S'il ne doit pas prononcer une sentence d'acquittement, le juge rend son ordonnance soit au cours de l'audience, après avoir entendu les parties et la victime, soit lors d'une audience ad hoc , qui se déroule dans la chambre du conseil, du déroulement de laquelle il informe les parties et la victime.

3. Le régime de l'ordonnance de probation
a) Effets

L'ordonnance portant suspension du procès avec mise à l'épreuve a pour effet de suspendre la prescription du délit et d'obliger la personne faisant l'objet de cette mesure à se conformer aux mesures de probation édictées.

L'issue positive de la mise à l'épreuve a pour effet de faire disparaître le délit tout en laissant subsister les sanctions administratives qui pourraient y être associées.

b) Durée

La durée de la suspension du procès avec mise à l'épreuve ne peut dépasser :

- 2 ans pour les délits pour lesquels est prévue une peine de détention, que celle-ci soit autonome ou se combine avec ou se substitue à une amende ;

- 1 an quand il s'agit de délits pour lesquels est prévue une amende.

Ces délais courent à compter de la signature du procès-verbal de mise à l'épreuve.

À l'issue de cette période de probation, le juge déclare, dans une décision spécifique :

- soit que le délit a disparu en prenant en compte le comportement de l'accusé établi par un rapport du service d'exécution des peines, après en avoir informé l'accusé, les parties et la victime à l'audience au cours de laquelle il rend sa décision ;

- soit que le procès reprend son cours, les obligations imposées à l'accusé cessant alors de porter effet.

c) Modification

Le juge ayant fixé, dans son ordonnance, le délai avant le terme duquel l'accusé doit avoir satisfait aux obligations qu'il lui impose, il ne peut le proroger, à la demande de l'accusé, plus d'une fois, et seulement pour des « raisons graves ». Il peut également autoriser le paiement, en plusieurs versements, des sommes dues à titre de réparation.

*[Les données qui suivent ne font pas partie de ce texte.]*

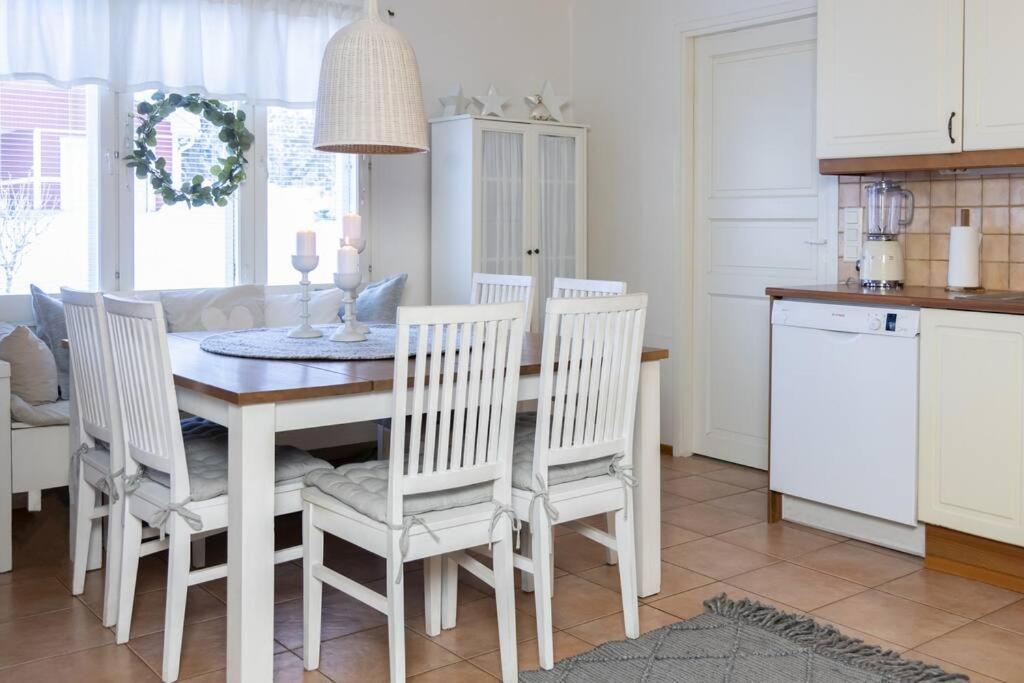 Arctic Circle Close To Santa's Village Holiday home Rovaniemi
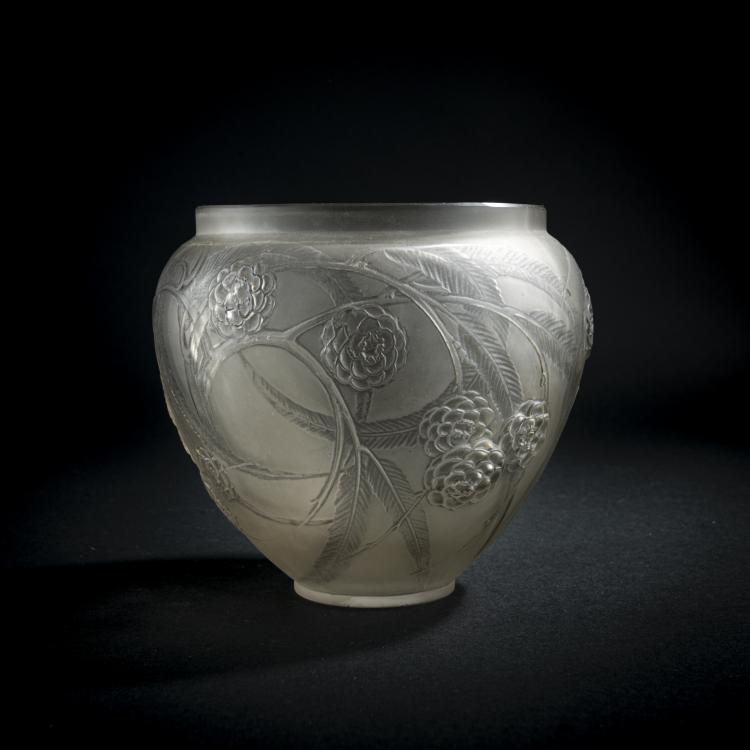 Hauptbild zu Objekt, Vase 'N&eacute;fliers', 1923, Ren&eacute; Lalique, Lalique, Wingen-sur-Moder, 176C 430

Le juge peut aussi, pendant la période de mise à l'épreuve avec l'assentiment de la personne faisant l'objet de la suspension et après avis du ministère public, modifier par ordonnance les mesures prévues par celle-ci.

Le juge peut aussi, d'office, abroger l'ordonnance de suspension du procès avec mise à l'épreuve ce qui aurait pour effet de rouvrir le procès.

d) Voies de recours contre l'ordonnance de suspension du procès

L'ordonnance de suspension du procès avec mise à l'épreuve peut faire l'objet d'un recours en cassation sans caractère suspensif formé par l'accusé, le ministère public ou la victime.

La décision d'abrogation d'office de l'ordonnance de suspension du procès avec mise à l'épreuve peut également faire l'objet d'un recours en cassation.

4. Sanction du non-respect de l'ordonnance de probation

L'ordonnance portant suspension du procès avec mise à l'épreuve est abrogée en cas de transgression grave ou réitérée du programme de traitement ou des obligations imposées, ou encore de refus d'effectuer le travail d'intérêt général. Elle l'est également en cas de commission, durant la période de probation, d'un délit qui n'a pas le caractère d'imprudence (delitto non colposo) ou d'un délit de même nature que celui qui a motivé la probation.

Après la reprise du procès, le ministère public déduit la période correspondant à la mise à l'épreuve qui a été exécutée pour le calcul de la nouvelle peine. Trois jours de mise à l'épreuve équivalent à un jour de prison ou à une amende de 250 euros.